In the case of medical diagnosis or disease classification, the combination of SMOTE with classification algorithms has shown significant results. Wang et al. proposed hybrid algorithm by utilizing well-known classifier, SMOTE, and particle swarm optimization (PSO) to improve the competence of classification for five-year survivability of breast cancer patients from a gigantic dataset with imbalanced property [
37]. The findings revealed that the hybrid algorithm surpassed other algorithms. Moreover, applying SMOTE in appropriate searching algorithms, for example, PSO and classifiers, such as C5, can considerably enhance the efficiency of classification for gigantic imbalanced data sets. Furthermore, Alghamdi et al. investigated the performance of machine learning methods for predicting diabetes incidence while using medical records of cardiorespiratory fitness [
21]. The dataset consists of 32,555 patients of whom 5099 have developed diabetes after five years. The dataset contained 62 attributes that are classified into four categories: demographic characteristics, disease history, medication use history, and stress test vital signs. The study utilized SMOTE to deal with imbalance dataset. The result showed that, with the help of SMOTE, the performance of the predictive model was enhanced. Furthermore, the study showed that ensembling and SMOTE approaches achieve the highest accuracy for predicting incident diabetes while using cardiorespiratory fitness data.

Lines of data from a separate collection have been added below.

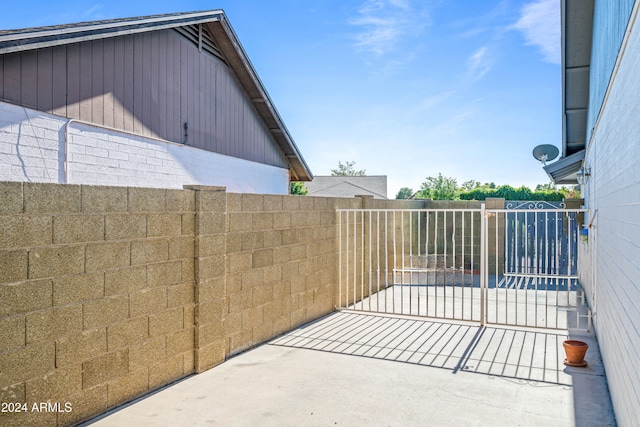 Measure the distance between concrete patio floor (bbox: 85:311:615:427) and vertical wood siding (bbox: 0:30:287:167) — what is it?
152 inches

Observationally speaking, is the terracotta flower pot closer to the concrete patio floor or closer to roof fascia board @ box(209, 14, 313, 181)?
the concrete patio floor

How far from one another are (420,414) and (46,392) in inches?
103

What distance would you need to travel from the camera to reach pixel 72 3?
8.24 meters

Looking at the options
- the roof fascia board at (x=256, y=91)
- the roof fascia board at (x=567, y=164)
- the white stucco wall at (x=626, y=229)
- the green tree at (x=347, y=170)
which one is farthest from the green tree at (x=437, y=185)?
the white stucco wall at (x=626, y=229)

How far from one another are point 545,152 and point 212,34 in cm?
718

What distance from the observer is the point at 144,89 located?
7.18m

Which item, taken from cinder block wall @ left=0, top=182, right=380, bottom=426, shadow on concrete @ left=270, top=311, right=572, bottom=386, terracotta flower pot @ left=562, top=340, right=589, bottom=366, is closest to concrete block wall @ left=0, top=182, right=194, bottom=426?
cinder block wall @ left=0, top=182, right=380, bottom=426

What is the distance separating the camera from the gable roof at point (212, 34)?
504 centimetres

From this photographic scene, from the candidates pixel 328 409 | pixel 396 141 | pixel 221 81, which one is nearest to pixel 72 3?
pixel 221 81

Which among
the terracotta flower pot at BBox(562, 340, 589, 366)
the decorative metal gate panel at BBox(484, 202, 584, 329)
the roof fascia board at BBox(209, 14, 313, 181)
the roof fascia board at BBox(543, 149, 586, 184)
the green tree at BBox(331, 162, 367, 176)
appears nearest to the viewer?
the terracotta flower pot at BBox(562, 340, 589, 366)

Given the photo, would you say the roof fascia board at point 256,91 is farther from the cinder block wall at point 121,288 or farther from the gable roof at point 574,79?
the gable roof at point 574,79

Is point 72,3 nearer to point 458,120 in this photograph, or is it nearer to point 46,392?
point 46,392

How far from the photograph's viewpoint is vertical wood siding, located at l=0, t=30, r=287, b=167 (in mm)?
5434

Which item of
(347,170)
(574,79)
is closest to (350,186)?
(347,170) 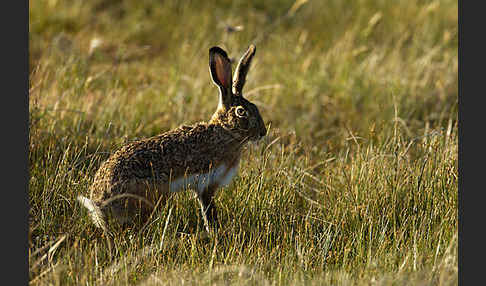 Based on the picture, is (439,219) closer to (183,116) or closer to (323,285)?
(323,285)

The present literature demonstrates that greater prediction performance is attained by utilizing SMOTE to balance data. Therefore, an HPM that consists of DBSCAN-based outlier detection to identify and remove the outlier and SMOTE to balance the distribution dataset is proposed in our study. The hybrid model is predicted to enhance the classification accuracy, in this way helping people to detect the danger of diabetes and hypertension at the initial stage. Along these lines, a person can evade the most exceedingly bad conditions later on.